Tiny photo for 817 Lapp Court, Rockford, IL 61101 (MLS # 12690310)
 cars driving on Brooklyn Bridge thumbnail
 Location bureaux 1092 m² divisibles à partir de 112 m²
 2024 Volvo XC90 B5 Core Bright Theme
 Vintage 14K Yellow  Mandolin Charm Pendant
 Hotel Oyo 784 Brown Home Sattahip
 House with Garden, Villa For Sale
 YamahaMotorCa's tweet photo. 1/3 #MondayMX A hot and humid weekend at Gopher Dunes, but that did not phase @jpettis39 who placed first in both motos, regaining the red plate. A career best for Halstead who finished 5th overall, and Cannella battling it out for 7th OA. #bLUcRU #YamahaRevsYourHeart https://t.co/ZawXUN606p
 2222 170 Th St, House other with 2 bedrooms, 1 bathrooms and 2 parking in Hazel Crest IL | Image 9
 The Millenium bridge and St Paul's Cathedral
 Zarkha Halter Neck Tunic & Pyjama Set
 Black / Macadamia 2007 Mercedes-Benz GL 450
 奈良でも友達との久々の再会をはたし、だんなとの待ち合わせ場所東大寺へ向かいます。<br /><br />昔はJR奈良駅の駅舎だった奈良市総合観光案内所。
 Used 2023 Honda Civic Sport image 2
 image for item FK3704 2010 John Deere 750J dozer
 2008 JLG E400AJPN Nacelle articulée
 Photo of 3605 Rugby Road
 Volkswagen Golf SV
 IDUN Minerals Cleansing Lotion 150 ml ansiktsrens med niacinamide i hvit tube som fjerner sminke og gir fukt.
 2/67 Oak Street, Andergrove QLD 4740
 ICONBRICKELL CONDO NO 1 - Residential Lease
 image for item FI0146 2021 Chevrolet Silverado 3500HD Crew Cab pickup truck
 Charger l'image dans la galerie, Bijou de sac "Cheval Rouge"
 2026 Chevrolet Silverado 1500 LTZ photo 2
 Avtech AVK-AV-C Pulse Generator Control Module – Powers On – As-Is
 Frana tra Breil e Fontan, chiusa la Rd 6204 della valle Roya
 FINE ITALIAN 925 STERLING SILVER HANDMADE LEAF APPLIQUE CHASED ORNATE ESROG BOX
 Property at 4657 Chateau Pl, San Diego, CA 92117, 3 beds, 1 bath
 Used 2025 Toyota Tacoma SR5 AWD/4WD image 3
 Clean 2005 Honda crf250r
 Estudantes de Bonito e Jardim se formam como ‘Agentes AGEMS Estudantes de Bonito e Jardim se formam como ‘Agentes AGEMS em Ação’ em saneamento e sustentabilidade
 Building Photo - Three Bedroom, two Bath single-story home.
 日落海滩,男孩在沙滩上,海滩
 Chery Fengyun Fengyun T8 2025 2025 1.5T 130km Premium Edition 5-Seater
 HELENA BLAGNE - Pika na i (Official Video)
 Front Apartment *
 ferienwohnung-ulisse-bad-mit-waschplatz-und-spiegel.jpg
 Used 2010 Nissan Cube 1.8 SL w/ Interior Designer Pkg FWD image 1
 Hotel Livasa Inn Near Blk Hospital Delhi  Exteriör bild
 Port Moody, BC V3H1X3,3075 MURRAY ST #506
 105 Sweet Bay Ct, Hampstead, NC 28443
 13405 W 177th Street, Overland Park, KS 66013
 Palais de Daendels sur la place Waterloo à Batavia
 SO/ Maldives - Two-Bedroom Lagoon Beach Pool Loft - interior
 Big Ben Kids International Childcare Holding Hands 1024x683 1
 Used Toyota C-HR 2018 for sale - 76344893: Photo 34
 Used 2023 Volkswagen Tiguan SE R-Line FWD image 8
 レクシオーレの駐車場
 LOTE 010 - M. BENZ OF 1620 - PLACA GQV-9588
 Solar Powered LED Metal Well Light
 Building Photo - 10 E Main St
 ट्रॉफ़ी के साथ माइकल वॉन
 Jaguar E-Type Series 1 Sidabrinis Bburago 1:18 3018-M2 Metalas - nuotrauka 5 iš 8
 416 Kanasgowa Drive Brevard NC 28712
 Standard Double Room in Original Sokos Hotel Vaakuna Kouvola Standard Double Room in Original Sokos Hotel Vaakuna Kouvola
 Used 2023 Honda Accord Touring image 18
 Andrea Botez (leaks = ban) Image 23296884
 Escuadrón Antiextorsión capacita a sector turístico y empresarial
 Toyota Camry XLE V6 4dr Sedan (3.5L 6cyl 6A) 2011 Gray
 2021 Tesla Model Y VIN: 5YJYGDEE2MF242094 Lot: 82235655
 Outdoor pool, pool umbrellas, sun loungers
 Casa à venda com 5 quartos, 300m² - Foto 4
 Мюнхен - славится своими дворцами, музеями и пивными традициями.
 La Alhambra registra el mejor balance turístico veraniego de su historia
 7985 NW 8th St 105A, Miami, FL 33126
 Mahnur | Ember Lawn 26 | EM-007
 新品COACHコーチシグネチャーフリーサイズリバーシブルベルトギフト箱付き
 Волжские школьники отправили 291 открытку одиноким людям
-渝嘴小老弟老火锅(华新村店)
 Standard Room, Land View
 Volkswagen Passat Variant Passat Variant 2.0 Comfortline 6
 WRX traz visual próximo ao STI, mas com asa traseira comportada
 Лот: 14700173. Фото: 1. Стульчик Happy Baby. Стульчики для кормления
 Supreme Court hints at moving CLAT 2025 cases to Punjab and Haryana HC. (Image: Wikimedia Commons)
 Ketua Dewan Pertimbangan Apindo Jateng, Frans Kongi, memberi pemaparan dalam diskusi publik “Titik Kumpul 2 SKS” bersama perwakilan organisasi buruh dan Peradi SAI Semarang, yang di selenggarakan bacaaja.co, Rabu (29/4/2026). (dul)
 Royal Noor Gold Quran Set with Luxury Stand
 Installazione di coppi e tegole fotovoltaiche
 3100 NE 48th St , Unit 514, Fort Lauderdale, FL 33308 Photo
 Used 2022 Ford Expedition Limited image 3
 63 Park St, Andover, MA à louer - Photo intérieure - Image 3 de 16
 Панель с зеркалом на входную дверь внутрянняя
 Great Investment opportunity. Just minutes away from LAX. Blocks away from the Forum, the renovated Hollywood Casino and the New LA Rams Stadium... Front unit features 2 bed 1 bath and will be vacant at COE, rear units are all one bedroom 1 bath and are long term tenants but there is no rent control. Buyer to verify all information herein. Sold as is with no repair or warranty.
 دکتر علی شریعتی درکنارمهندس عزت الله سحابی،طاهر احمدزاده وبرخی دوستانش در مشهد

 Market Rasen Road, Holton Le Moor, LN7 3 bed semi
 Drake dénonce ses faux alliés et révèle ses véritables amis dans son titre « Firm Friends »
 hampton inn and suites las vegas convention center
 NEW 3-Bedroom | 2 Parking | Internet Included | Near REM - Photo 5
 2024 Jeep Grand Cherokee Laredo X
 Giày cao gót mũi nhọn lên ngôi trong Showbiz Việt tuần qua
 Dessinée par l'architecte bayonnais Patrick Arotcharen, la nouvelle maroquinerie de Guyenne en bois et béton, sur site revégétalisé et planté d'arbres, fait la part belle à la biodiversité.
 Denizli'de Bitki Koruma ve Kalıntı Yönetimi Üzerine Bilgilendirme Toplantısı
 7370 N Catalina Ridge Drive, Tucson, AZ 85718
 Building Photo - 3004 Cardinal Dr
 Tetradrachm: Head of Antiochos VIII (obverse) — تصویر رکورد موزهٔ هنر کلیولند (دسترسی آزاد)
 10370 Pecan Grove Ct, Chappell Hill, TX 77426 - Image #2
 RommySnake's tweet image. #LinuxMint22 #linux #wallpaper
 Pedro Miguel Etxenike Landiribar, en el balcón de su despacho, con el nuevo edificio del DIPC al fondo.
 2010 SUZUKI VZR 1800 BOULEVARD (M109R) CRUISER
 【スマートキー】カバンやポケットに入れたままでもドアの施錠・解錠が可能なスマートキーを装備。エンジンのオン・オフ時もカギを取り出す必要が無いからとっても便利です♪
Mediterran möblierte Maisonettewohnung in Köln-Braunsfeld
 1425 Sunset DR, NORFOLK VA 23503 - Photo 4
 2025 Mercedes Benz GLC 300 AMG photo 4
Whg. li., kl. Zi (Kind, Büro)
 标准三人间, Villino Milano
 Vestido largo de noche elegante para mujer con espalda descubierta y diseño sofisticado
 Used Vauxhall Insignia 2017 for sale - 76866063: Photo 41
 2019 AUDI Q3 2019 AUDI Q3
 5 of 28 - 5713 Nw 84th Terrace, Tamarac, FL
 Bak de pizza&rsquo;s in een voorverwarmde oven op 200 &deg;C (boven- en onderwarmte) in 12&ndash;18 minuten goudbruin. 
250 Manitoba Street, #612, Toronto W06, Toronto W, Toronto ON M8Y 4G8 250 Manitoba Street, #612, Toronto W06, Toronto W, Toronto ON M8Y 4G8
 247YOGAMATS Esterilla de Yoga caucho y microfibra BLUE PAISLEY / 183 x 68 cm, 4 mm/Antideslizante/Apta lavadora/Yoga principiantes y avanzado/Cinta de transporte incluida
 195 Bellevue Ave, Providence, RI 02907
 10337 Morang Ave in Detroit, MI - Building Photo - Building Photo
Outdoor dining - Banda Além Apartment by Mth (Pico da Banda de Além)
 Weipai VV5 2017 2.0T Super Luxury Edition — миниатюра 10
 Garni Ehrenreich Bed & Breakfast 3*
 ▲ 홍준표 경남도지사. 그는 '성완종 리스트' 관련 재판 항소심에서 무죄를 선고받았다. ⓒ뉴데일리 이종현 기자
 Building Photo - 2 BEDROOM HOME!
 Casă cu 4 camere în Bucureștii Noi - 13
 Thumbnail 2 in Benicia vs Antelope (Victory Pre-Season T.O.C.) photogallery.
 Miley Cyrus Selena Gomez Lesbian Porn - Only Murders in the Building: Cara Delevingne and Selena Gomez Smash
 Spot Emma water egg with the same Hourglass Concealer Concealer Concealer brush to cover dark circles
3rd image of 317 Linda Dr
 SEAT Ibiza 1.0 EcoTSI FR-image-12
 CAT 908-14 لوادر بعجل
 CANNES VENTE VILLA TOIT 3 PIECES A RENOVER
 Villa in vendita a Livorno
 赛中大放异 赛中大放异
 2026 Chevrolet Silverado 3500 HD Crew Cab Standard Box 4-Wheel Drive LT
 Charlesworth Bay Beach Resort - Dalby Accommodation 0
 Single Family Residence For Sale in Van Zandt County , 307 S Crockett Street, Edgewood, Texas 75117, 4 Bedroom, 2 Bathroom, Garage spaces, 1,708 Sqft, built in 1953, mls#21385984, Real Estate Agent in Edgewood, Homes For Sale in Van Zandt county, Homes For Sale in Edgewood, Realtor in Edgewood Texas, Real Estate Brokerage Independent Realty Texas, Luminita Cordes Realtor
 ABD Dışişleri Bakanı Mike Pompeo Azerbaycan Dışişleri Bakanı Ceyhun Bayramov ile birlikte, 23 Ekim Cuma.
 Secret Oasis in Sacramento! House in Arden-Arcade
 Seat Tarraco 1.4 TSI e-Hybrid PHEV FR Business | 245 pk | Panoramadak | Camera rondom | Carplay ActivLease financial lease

________________________

* [YOUR TASK]:
Using the entries above, extract exactly the span from the line with "10370 Pecan Grove" to the line with "2010 SUZUKI VZR", both lines included; leave out everything else.

* [EXERCISE ANSWER]:
 10370 Pecan Grove Ct, Chappell Hill, TX 77426 - Image #2
 RommySnake's tweet image. #LinuxMint22 #linux #wallpaper
 Pedro Miguel Etxenike Landiribar, en el balcón de su despacho, con el nuevo edificio del DIPC al fondo.
 2010 SUZUKI VZR 1800 BOULEVARD (M109R) CRUISER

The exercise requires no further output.